In his statement of opinion, the Accident Investigation Board president found two causes for the mishap: first, the test engineer was incorrectly instructed or trained on how to take telemetry readings when approaching the MQ-9A while the engine was running. Second, she lost situational awareness while walking around the mishap aircraft taking telemetry readings with a hand-held measurement device.

The AIB President, Brig. Gen. Lance R. French, also identified two factors which substantially contributed to the mishap. There was a clear lack of communication among the contractor test team and ground support personnel. Additionally, due to previous delays and cancellations, the tests conducted on Sept. 7 were rushed. 

Gray Butte Airfield is owned and operated by General Atomics and located near Edwards AFB. At the time of the mishap, the Sumaria Systems contractor team was providing engineering and professional test support to evaluate electromagnetic interference/electromagnetic compatibility testing with a new release of MQ-9A software on payloads and other aircraft systems. The mishap contract employee, aircraft crew chief and maintainers, as well as the test director, mishap pilot and sensor operator in the nearby ground station, were civilian contractors. 
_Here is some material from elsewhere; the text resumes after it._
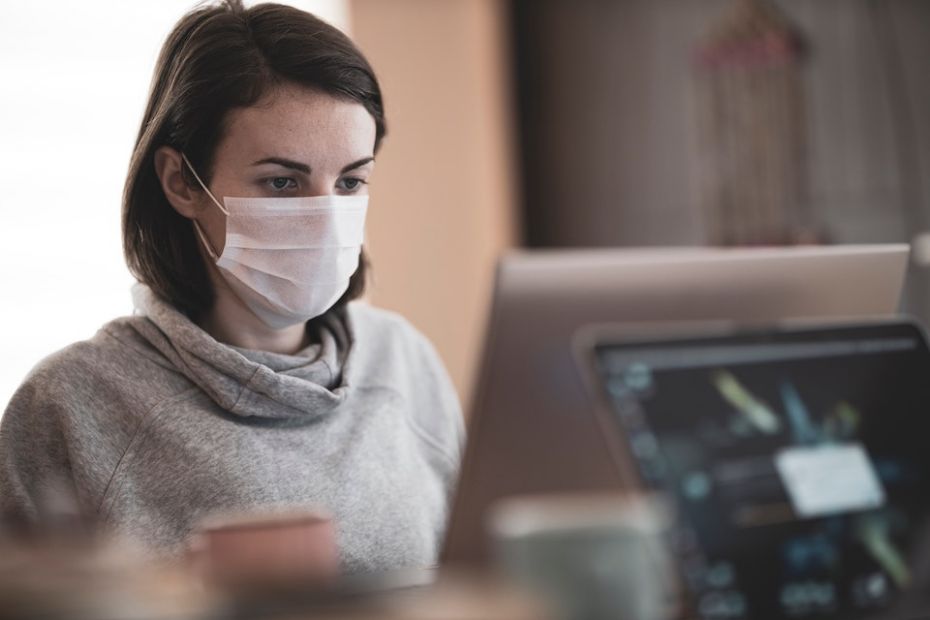 What's the Best Way to Manage Credit Card Debt During The Coronavirus? Image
The AIB report identified a replication of the mishap sequence with an MQ-9 parked in the same spot with the engine running at the same power setting, similar twilight lighting conditions and airfield ramp stadium lighting that were present on Sept. 7. In the simulation, the spinning propeller was not visible when looking to the rear of the aircraft, from where the contract employee approached.

The AFLCMC Intelligence Surveillance and Reconnaissance/Special Operations Forces Directorate at Wright-Patterson Air Force Base, Ohio, oversees lifecycle program management for the MQ-9A Reaper fleet.